* Activity: Write the data out in full and word for word. Do not include images.
*** Data provided ***
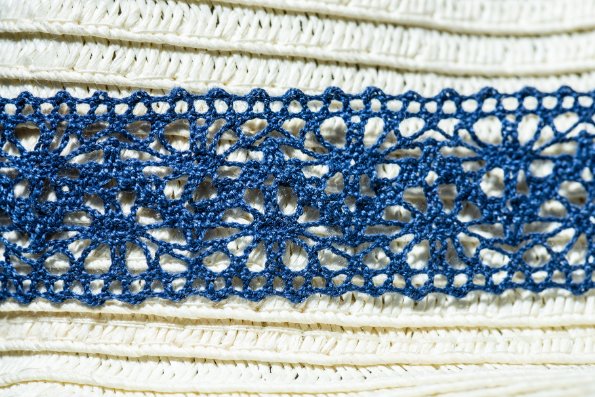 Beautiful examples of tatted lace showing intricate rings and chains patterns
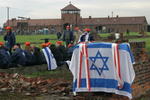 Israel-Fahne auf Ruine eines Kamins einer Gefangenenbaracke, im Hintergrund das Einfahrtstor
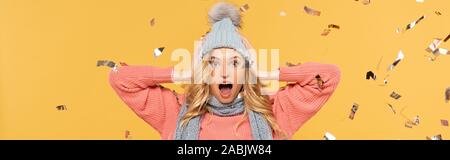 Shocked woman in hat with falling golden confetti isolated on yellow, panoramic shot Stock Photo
*** End of Data provided ***
* Problem solution:
 Beautiful examples of tatted lace showing intricate rings and chains patterns
 Israel-Fahne auf Ruine eines Kamins einer Gefangenenbaracke, im Hintergrund das Einfahrtstor
 Shocked woman in hat with falling golden confetti isolated on yellow, panoramic shot Stock Photo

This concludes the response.